Stored data below:

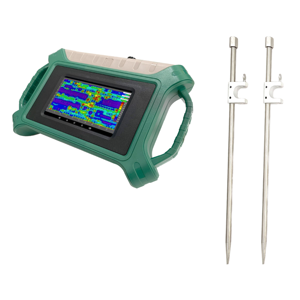 Bayi fiyatında Mineralr tespiti için yeni ADMT-300AX Metal dedektörü su bulucu dedektörü - Product Image 5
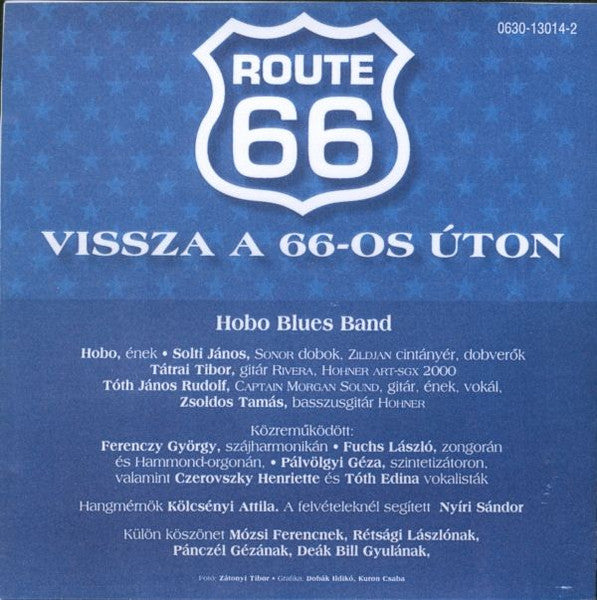 Hobo Blues Band - Vissza A 66-os Úton (CD Tweedehands)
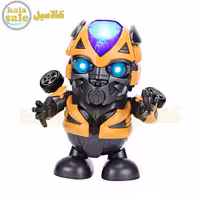 ربات موزیکال و رقصنده بامبلبی مدل Dancing Hero Bumblebee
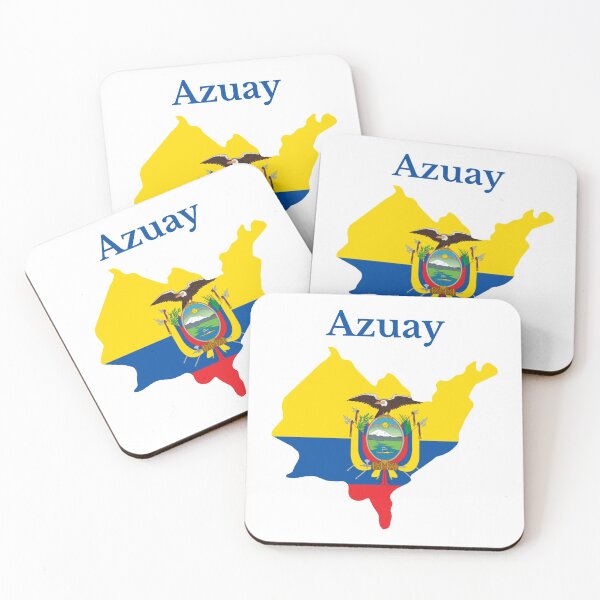 Item preview, Azuay Province Map Design, Ecuador designed and sold by marosharaf.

End of Stored data.

**Work to be completed**
Your copy should hold all the data word for word. It should hold no pictures.

**Exercise solution**
 Bayi fiyatında Mineralr tespiti için yeni ADMT-300AX Metal dedektörü su bulucu dedektörü - Product Image 5
 Hobo Blues Band - Vissza A 66-os Úton (CD Tweedehands)
 ربات موزیکال و رقصنده بامبلبی مدل Dancing Hero Bumblebee
 Item preview, Azuay Province Map Design, Ecuador designed and sold by marosharaf.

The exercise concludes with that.